Goal of the exercise. What is wanted is every line below from the one with "Poma Tailleur Blue Zadig & Voltaire" up to and including the one with "Hella 1NA 354", retyped exactly, pictures excluded, nothing else.

Data to use.

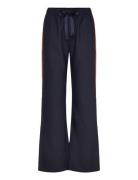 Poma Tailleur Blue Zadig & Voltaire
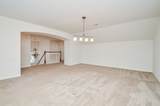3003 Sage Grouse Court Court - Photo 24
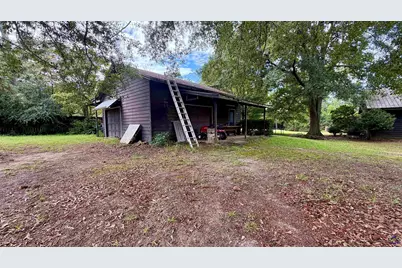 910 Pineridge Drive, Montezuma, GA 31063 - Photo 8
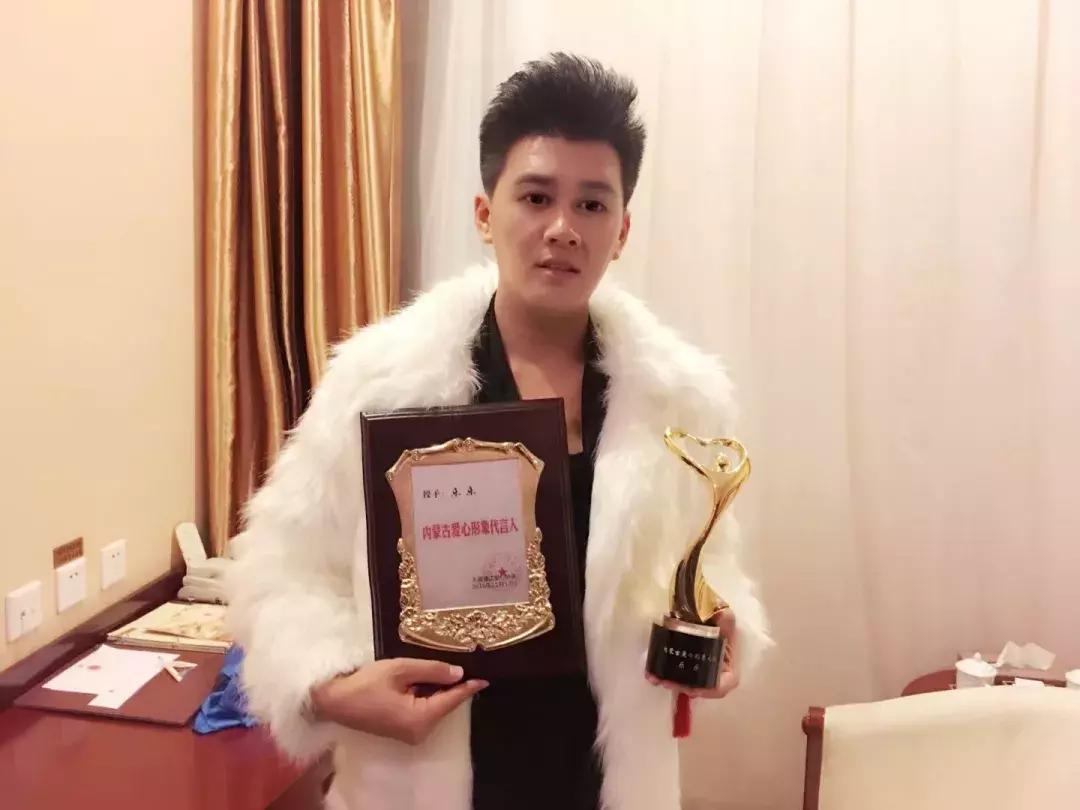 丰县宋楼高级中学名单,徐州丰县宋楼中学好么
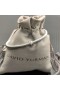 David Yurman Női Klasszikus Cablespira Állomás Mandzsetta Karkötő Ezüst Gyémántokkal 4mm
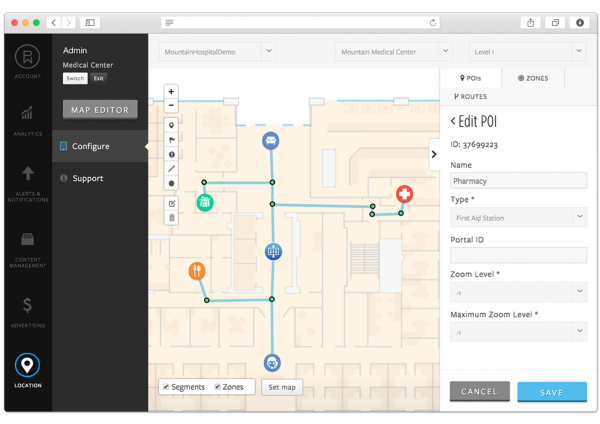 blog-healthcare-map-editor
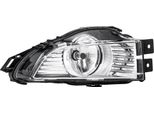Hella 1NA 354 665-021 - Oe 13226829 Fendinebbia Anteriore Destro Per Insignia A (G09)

---

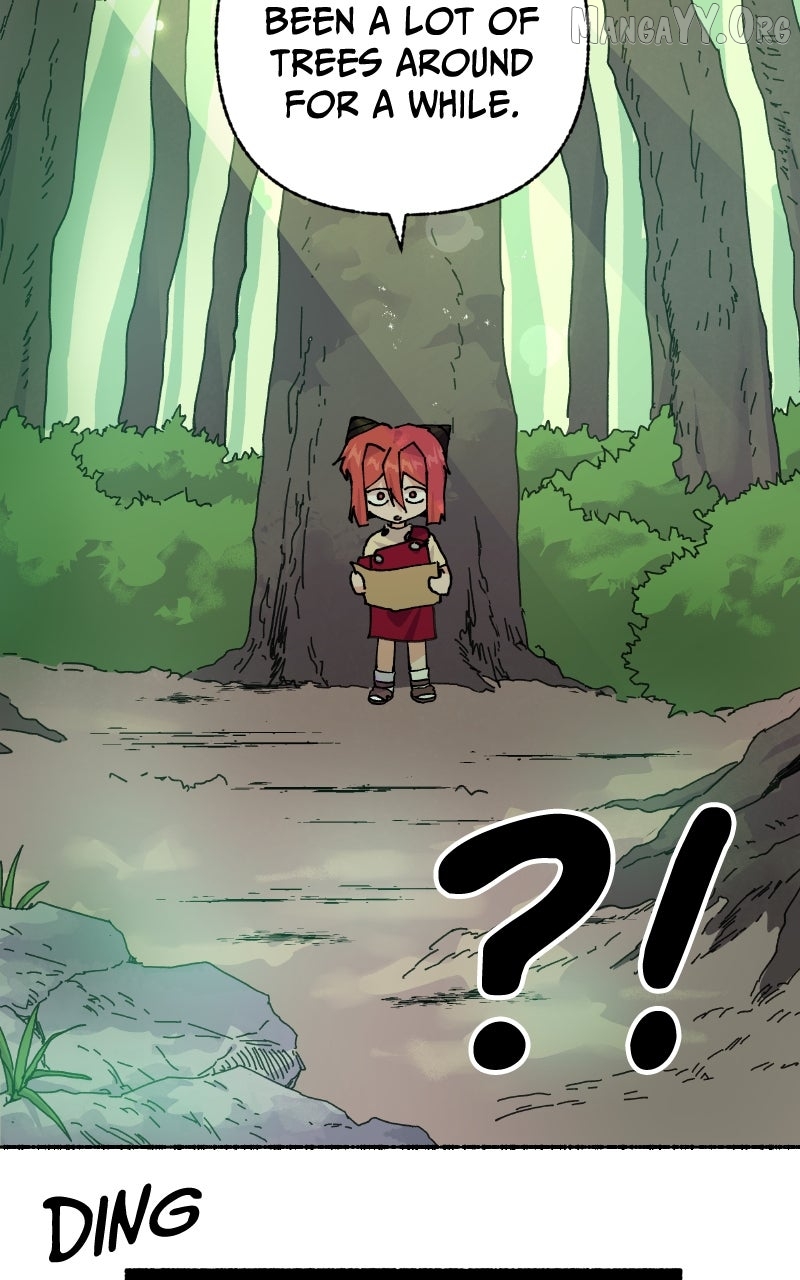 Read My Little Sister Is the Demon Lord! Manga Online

Problem solution.
 Poma Tailleur Blue Zadig & Voltaire
3003 Sage Grouse Court Court - Photo 24
 910 Pineridge Drive, Montezuma, GA 31063 - Photo 8
 丰县宋楼高级中学名单,徐州丰县宋楼中学好么
 David Yurman Női Klasszikus Cablespira Állomás Mandzsetta Karkötő Ezüst Gyémántokkal 4mm
 blog-healthcare-map-editor
Hella 1NA 354 665-021 - Oe 13226829 Fendinebbia Anteriore Destro Per Insignia A (G09)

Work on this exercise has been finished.